1. September 2016
Thüringer Fachvernetzung von Rechtsanwält*innen und Flüchtlingssozialberater*innen beklagt aktuelle Auswirkungen der Wohnsitzauflage für Flüchtlinge

Beim Fachtreffen von Thüringer Rechtsanwält*innen und Flüchtlingssozialberater*innen am 31.8.2016 in Erfurt wurden die Auswirkungen der neu geltenden Wohnsitzauflage auf das jeweilige Bundesland für anerkannte Flüchtlinge stark kritisiert.

Mit dem Inkrafttreten des sogenannten Integrationsgesetzes August 2016 gilt in der Regel, dass anerkannte Flüchtlinge in dem Bundesland bleiben müssen, in dem ihr Asylverfahren durchgeführt wurde. Die Regelung gilt rückwirkend zum 1. Januar 2016. Dadurch sind auch bereits umgezogene Personen betroffen.
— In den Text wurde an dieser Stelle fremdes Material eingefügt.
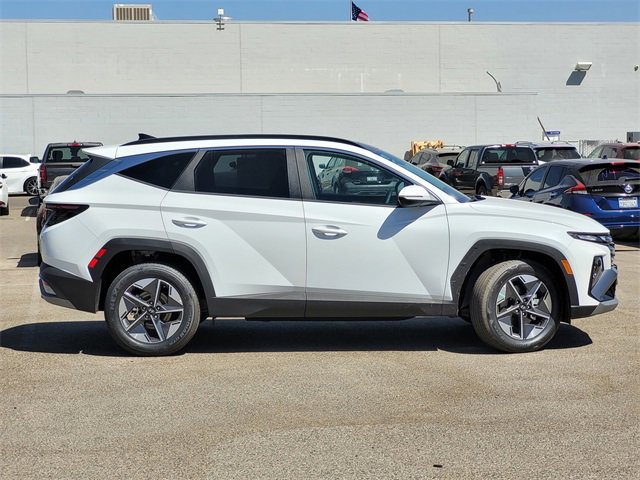 New 2025 Hyundai Tucson SEL image 3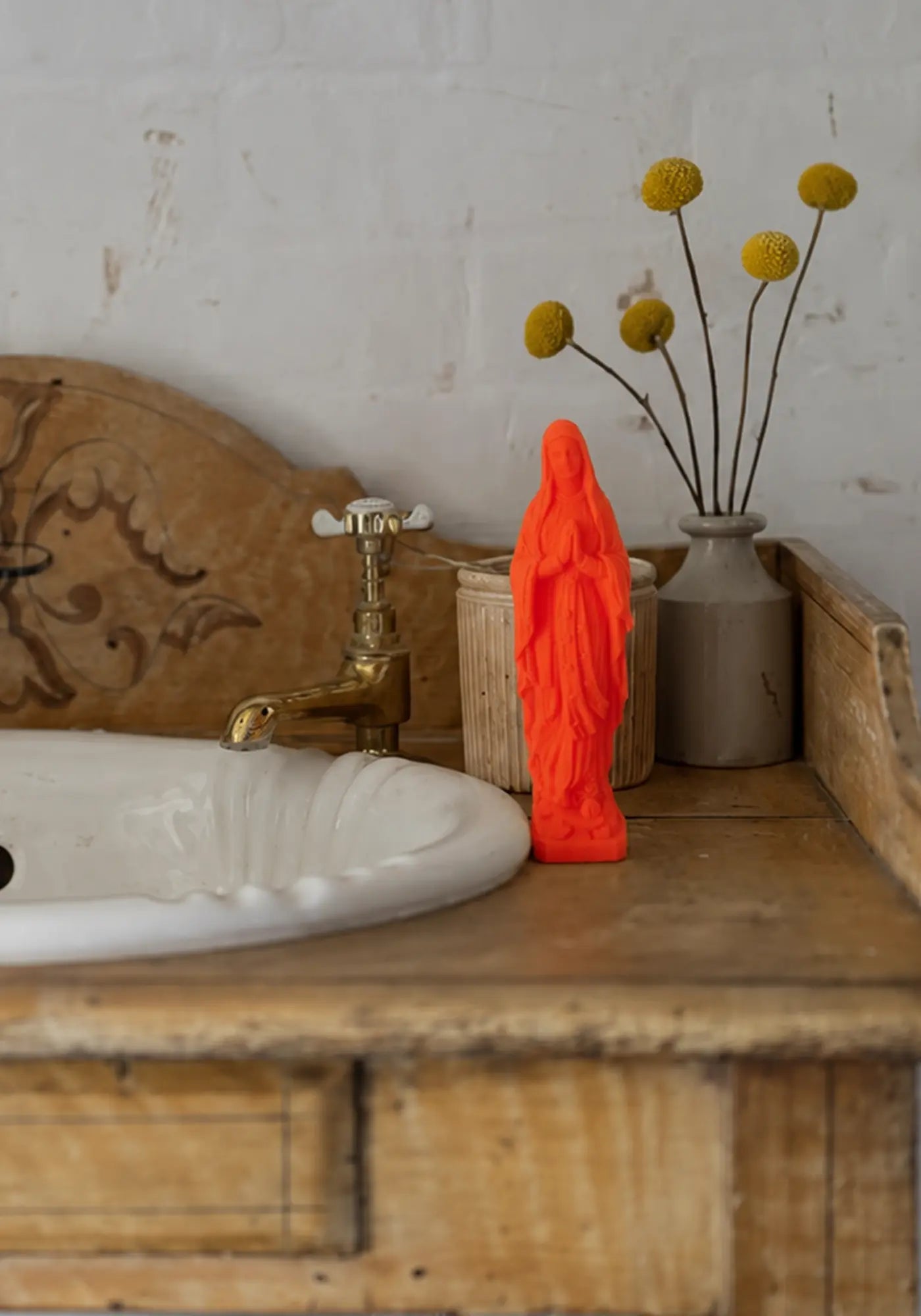 La vierge de 12cm orange fluo de chez Sapristi Store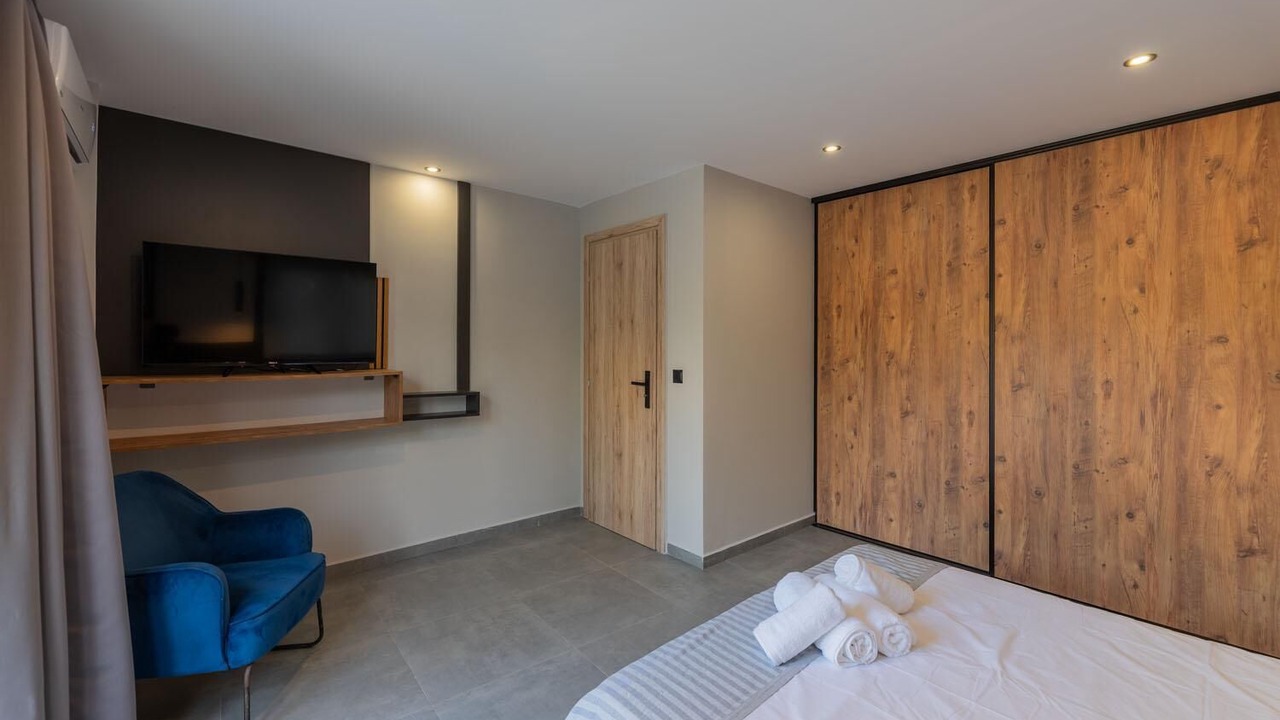Photo of Bedroom in Lefktron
Viele werden nun aufgefordert wieder zurückzuziehen.

Das Netzwerk spricht sich für eine zeitnahe rechtliche Klarstellung der Landesregierung aus:

  • Dass jede*r, der/ die vor Inkrafttreten des Integrationsgesetzes rechtmäßig aus einem anderen Bundesland nach Thüringen zugezogen ist, Vertrauensschutz genießt. Ein Zurückschicken in das Bundesland des Asylverfahrens widerspricht jeglichem Integrationsgedanken. Auch die Sozialleistungen müssen weiterhin in Thüringen gewährt werden.*
  • Dass keine weitere Einschränkung der Bundesland-Wohnsitzauflage auf einzelne Kommunen oder Landkreise in Thüringen erfolgt. Diese wäre ein weiterer massiver Eingriff in Persönlichkeitsrechte und integrationsfeindlich, auch wenn einige Landkreise/ kreisfreie Städte aus vermeintlichen Wohnungs- oder Planungsgründen aktuell anderes behaupten.
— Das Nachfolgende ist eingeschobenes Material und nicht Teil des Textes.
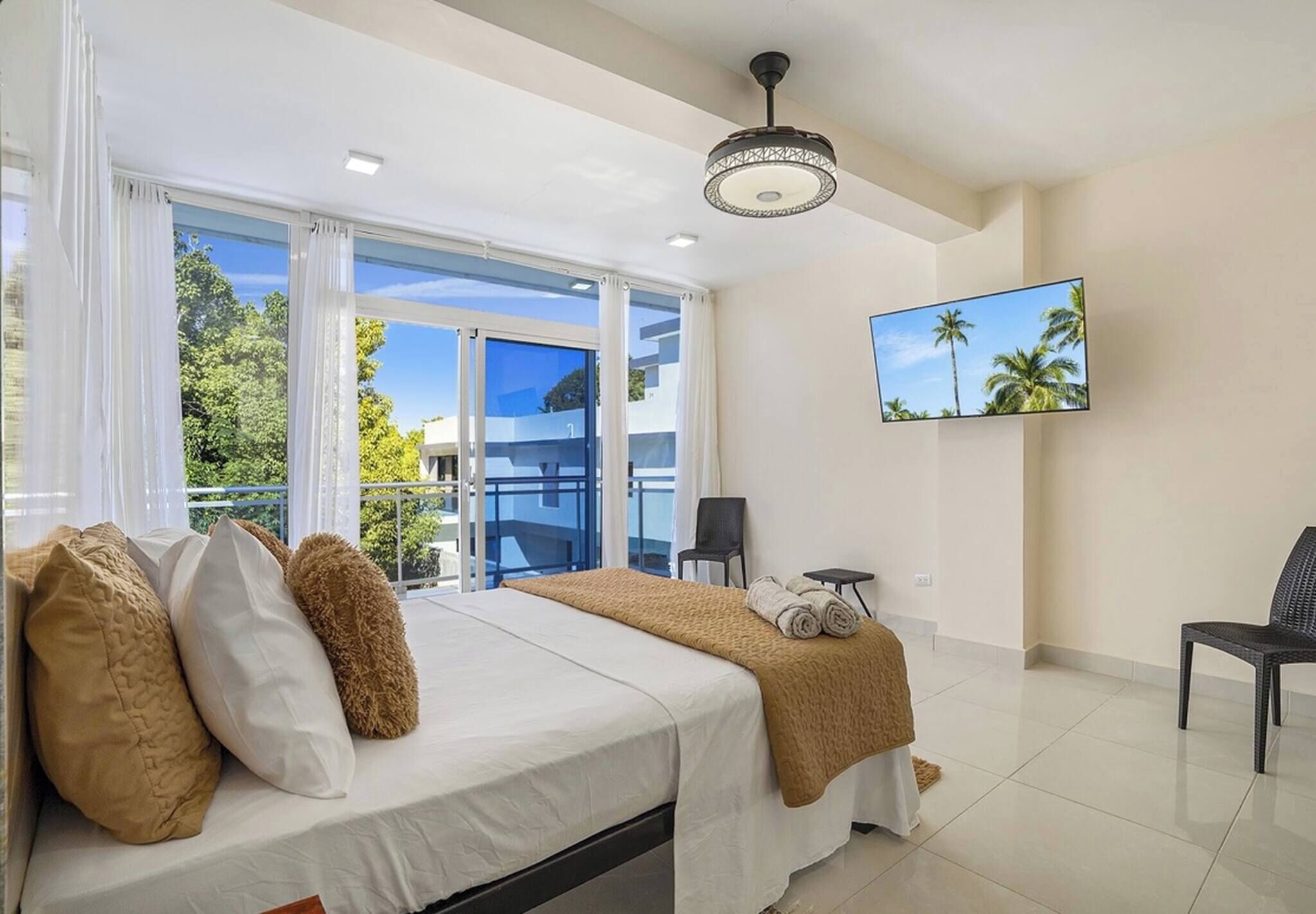 7 bedrooms, iron/ironing board, internet, bed sheets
Die Wohnsitzauflage führt aktuell schon zu chaotischen Zuständen, wie sich beispielsweise in Nordrhein-Westfalen zeigt.** Faktisch werden anerkannte Flüchtlinge, die bereits eine Wohnung im anderen Bundesland haben, in die Obdachlosigkeit getrieben. „Dieser integrationsfeindliche Wahnsinn der Wohnsitzauflagen muss sofort gestoppt werden“, so Ellen Könneker vom Flüchtlingsrat Thüringen e.V.

Das Netzwerktreffen wird vom Flüchtlingsrat Thüringen organisiert und findet seit 2009 viermal im Jahr statt. Am gestrigen Treffen nahmen 34 Flüchtlingssozialberater*innen aus unterschiedlichen Regionen Thüringens und unterschiedlichen Organisationen (Arbeiterwohlfahrt, Caritas, Paritätischer, Diakonie) sowie Rechtsanwält*innen teil.

*Erläuterung:
Beispiel: Mit ihrem Flüchtlingsschutzstatus zieht eine Familie im Juni 2016 nach Bayern. Sie mietet dort eine Wohnung an, schult die Kinder ein, baut sich einen Freundeskreis auf, meldet sich für Sprachkurse an und bezieht zunächst Leistungen des Jobcenters. Zu diesem Zeitpunkt war das alles rechtmäßig. Jetzt beginnen die Jobcenter und die Ausländerbehörden festzustellen, dass – rückwirkend - zum 1.1.2016 eine Wohnsitzauflage bestanden hat. Davon wussten aber im Juni 2016 weder die Behörden noch die Betroffenen.
Erste Berichte machen deutlich, dass Geflüchtete mit einer Einstellung der Leistungen vom Jobcenter am neuen Wohnort rechnen müssen und unter Umständen zurückgeordert werden, da nun die Wohnsitzauflage „Thüringen“ für sie gilt.